2.3. Preparation of mammalian cell extracts

Pig lung tissues (2000 g) were homogenized in a Warring blender with 2L of extraction buffer containing 20 mM Tris-HCl (pH 8.0), 1 mM EDTA, 0.2 mM DTT, 0.1 mM PMSF (phenylmethylsulfonyl fluoride), 0.5 μg/ml pepstatin and 0.5 μg/ml leupeptin at 4°C. The extract was filtered through cheesecloth. Cell debris was removed by centrifugation at 15,000 g for 10 min in a Beckman Coulter Avanti J-25 centrifuge. Proteins were precipitated by adding ammonium sulfate to 80% saturation. After dialysis using Spectrum Spectra/Por 10 kD membrane against the dialysis buffer containing 20 mM Tris-HCl (pH 8.0), 1 mM EDTA and 0.2 mM DTT, the supernatant was precipitated by step-wise ammonium sulfate saturation from 20% to 80% with 10% increments.
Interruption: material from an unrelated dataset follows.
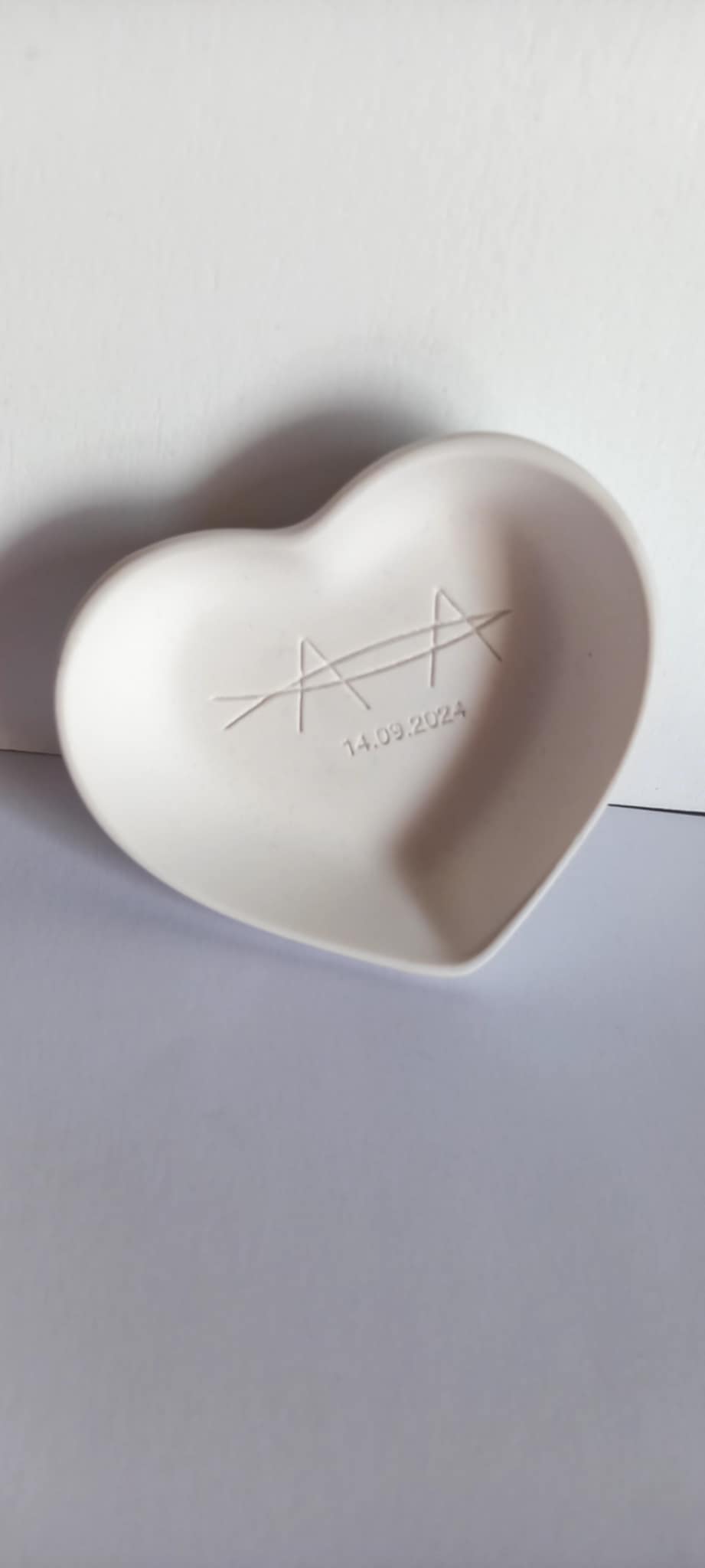 Μπομπονιέρα γάμου - βάπτισης καρδιά με χαραγμένα μονογράμματα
Aag (-/-) and matched Aag (+/+) mouse tissues were thawed on ice in 2.5 volumes of glycosylase assay buffer containing 20 mM Tris-HCl (pH 7.2), 100 mM KCl, 5 mM EDTA, 5 mM 2-mercaptoethanol as previously described [16]. Tissues were homogenized on ice in a 7-ml Dounce homogenizer (Wheaton). Cell debris was removed by centrifugation at 18,000 g for 30 min in a refrigerated microcentrifuge. The supernatants were stored at −70°C prior to glycosylase activity assays.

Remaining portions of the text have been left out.